● Listed entries

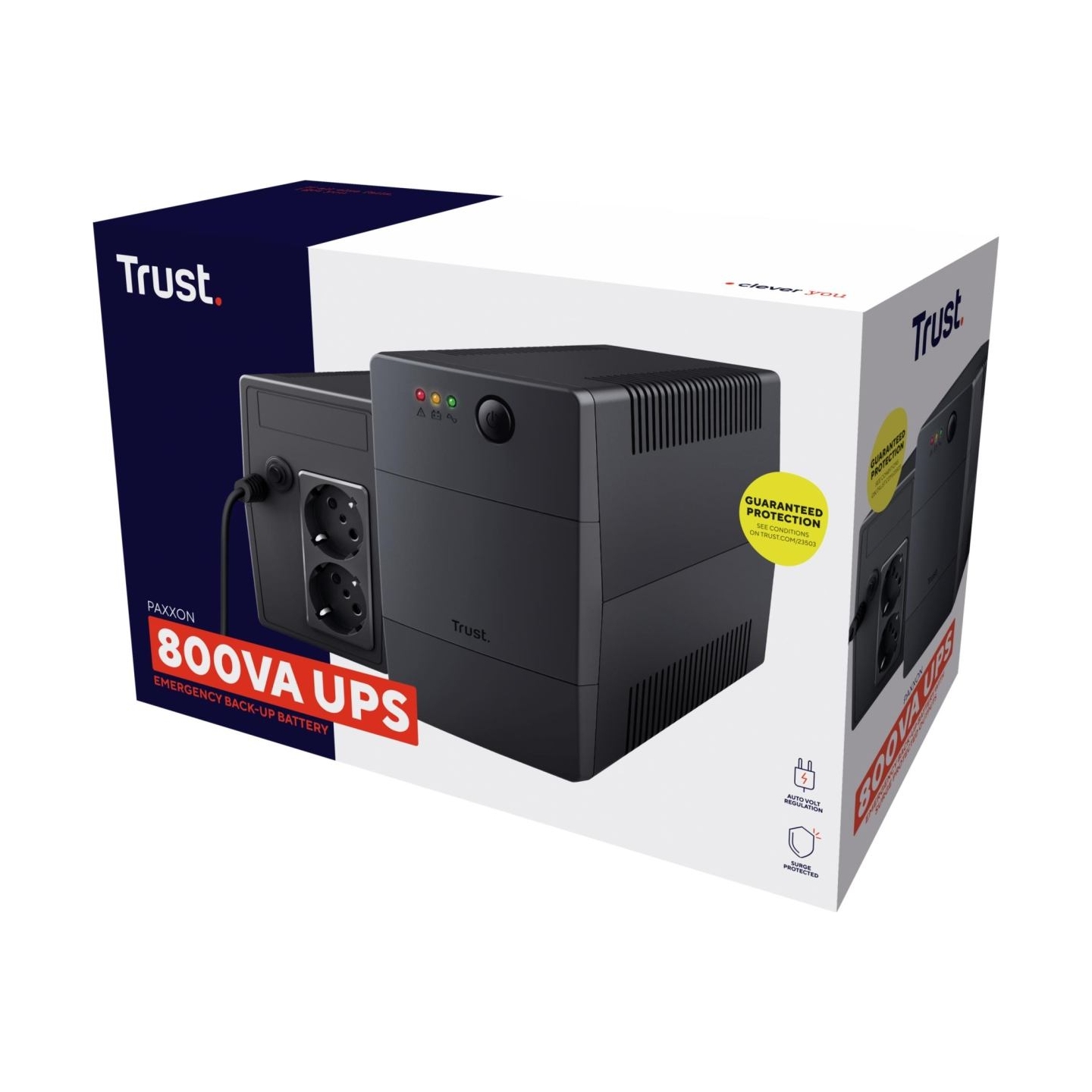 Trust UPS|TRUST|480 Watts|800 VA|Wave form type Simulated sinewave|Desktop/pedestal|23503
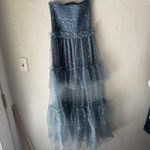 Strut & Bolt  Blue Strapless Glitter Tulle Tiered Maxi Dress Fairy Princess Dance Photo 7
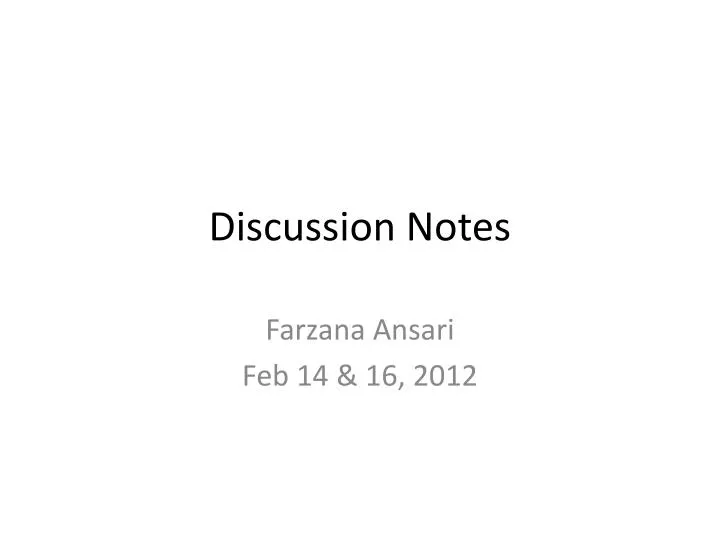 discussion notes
...
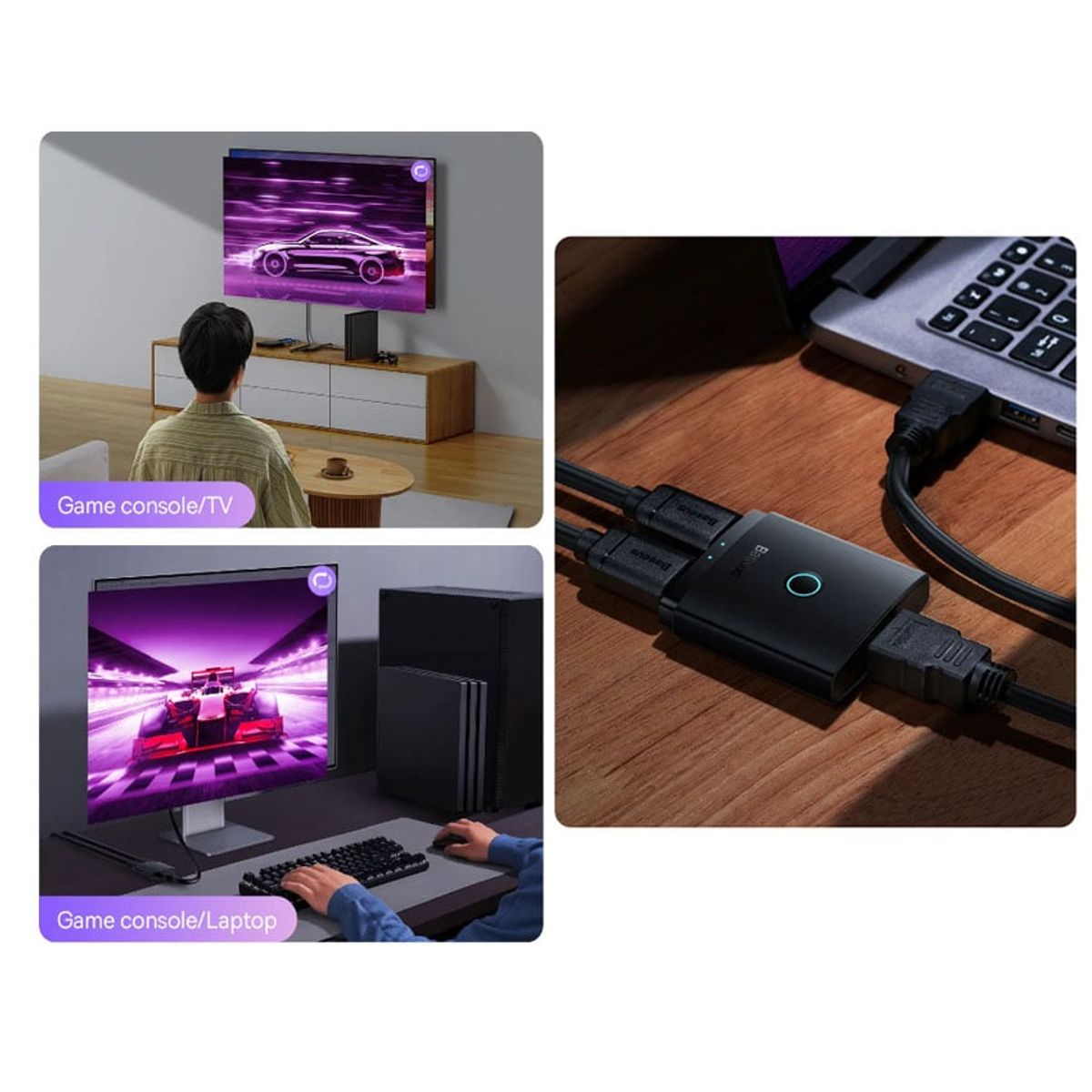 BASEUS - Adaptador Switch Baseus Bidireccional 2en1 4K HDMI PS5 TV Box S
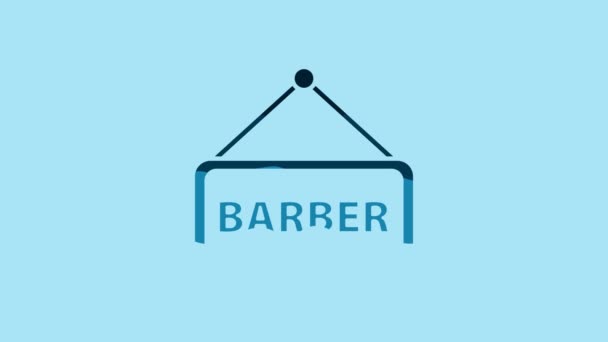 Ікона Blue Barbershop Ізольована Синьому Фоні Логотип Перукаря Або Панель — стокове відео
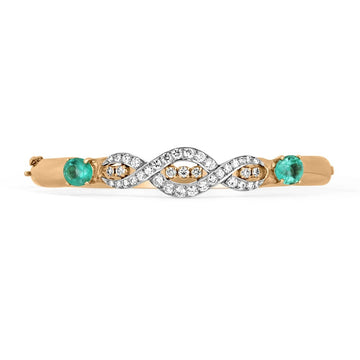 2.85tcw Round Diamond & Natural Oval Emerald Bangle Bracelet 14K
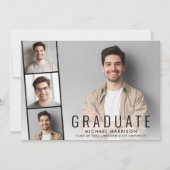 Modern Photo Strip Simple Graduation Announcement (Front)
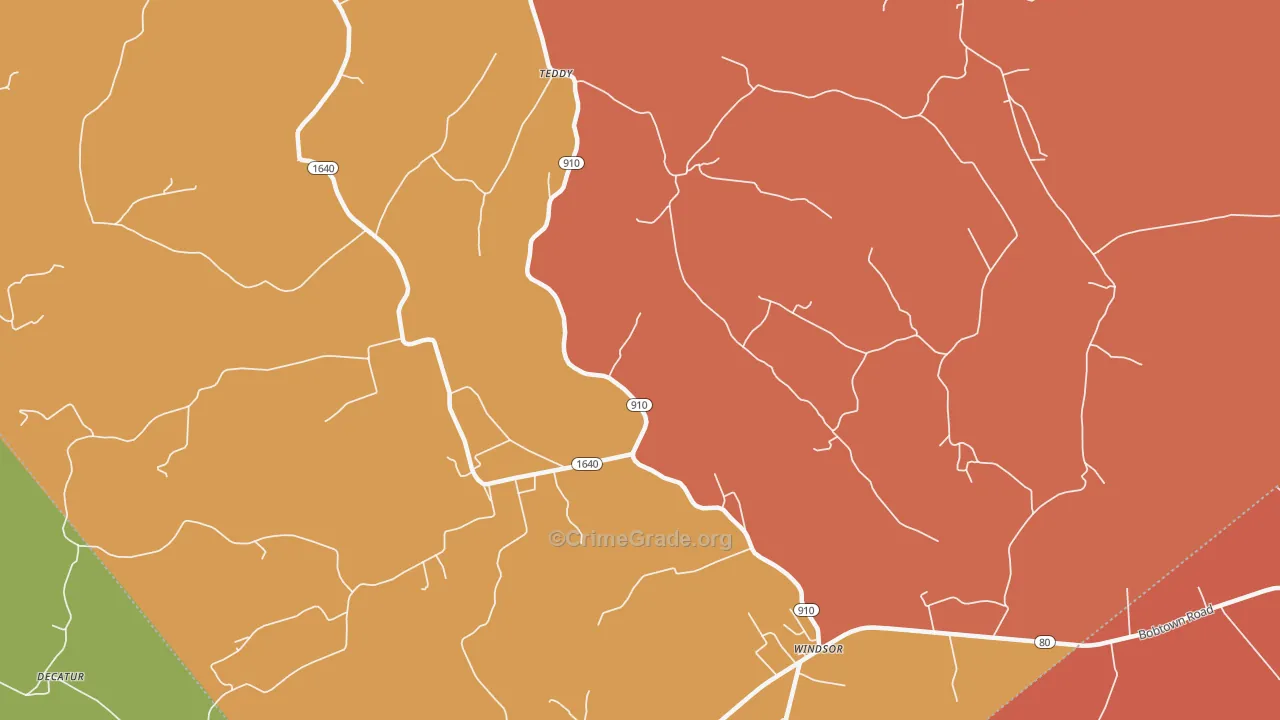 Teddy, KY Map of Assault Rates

● Task prompt
Everything above from the line containing "Trust UPS|TRUST|480 Watts|800" through the line containing "discussion notes" must be repeated exactly, and the pictures must be left out.

● Problem solution
 Trust UPS|TRUST|480 Watts|800 VA|Wave form type Simulated sinewave|Desktop/pedestal|23503
 Strut & Bolt  Blue Strapless Glitter Tulle Tiered Maxi Dress Fairy Princess Dance Photo 7
 discussion notes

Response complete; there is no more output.